遅まきながら事の重大さに気がついたダーリン。「なんでちゃんと身元調べなかったの?」と今さら言ってもしょうがなく、何とか説得してマルティンに出て行ってもらうしかないと、二人でない知恵を絞り始めました。しかし、知り合いの弁護士に状況を説明したところ、ますますダーリンにとって不都合な事実が出てくるだけで一向に救いはなく、大家に事情を話して1ヶ月間だけの契約延長をお願いしたものの、警戒した大家からは絶対に出て行ってもらうようにと言われる始末。

こうなるともう完全にマイナス思考の疑心暗鬼に陥ってしまい、「もしやマルティン、麻薬とかを隠し持っているんじゃ・・・」とか、「素行が怪しいと思っていた。あの家で犯罪行為をしているに違いない」とか、果ては「連続殺人犯とかだったらどうする???(そんな事件起こってないけど)」なんて、もー最悪の事態を想像して、二人して青ざめて絶句したり・・・。

そんな私達のパニックをよそに、マルティンは律義に”3月分”の家賃を払いにやって来ました。「いやいや・・・3月分の家賃はいらないよ。なぜなら2月末に出て行ってもらわないと絶対に困るから」と答えるダーリンに、「それは無理だから、とにかく3月分の家賃払います」とマルティン。私達を重大な問題にたたき落しておきながら、なぜか妙に律儀で丁寧なその態度があまりにアンバランスで、やっぱり狂人か?と疑いたくもなりました。

そもそも何で2月中に引っ越しできないのか。確かにアルゼンチンで家を借りるのは大変です。市内に不動産を持つ保証人1人、毎月給与明細を受け取っている定職を持つ保証人2人の計3人の保証人が必要だし、契約料も高く、2年間は罰金なしで解約できません。マルティンの問題がお金なら、お金を貸しても(あげても)いいよという話もしましたが、彼曰く「それが問題ではない」とのこと。じゃあ一体何が問題?あと1ヶ月あれば本当に引っ越せる?という疑問が拭えないまま、何の進展もなく時間ばかりが過ぎていきました。

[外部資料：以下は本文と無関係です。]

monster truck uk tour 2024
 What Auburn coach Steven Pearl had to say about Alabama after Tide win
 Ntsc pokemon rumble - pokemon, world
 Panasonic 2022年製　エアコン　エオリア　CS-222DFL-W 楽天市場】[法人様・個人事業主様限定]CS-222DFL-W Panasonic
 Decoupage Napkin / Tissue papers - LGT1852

遂に私の提案で、マルティンと直接友達だという従妹のお友達にも連絡を取り、説得に参加してもらうことに。その彼女こそ私達の救世主となってくれたのです。自分が好意でマルティンを紹介したのに顔を潰された、とマルティンの言い分に激怒した彼女は、激しい口調でマルティンを責め、私達には彼の家族の連絡先を教えてくれるなど、ようやく事態がややプラスの方向へと進み始めました。

また、彼女がこっそり教えてくれたところによると、実はマルティンはゲイで、あの家でもその恋人と一緒に暮らしていたそうです。二人して引っ越したいと考えていたようですが、なかなか条件の合う場所がないというのが問題の根っこだったよう。同じ理由で家族にも勘当されていたそうで、保証人も立てられなかったのでしょう。とにかく、犯罪者とか悪い人間ではなかったと言うことが分かっただけでも、私とダーリンはほ~っと胸をなでおろしたのですが・・・。

彼女の登場が功を奏して、2月もいよいよ終わろうという頃、遂にマルティンから連絡があり「週末には家を引き払います。ご迷惑をおかけしました」と・・・。その週末、家の前を通りかかると、マルティンのお父さんらしき人が引っ越しを手伝っているのを目にしました。恐らく、恋人と共に住むことを一旦は断念して、マルティンは勘当されていた実家へ、恋人はどこかほかの場所へ移動することにしたらしいと分かりました。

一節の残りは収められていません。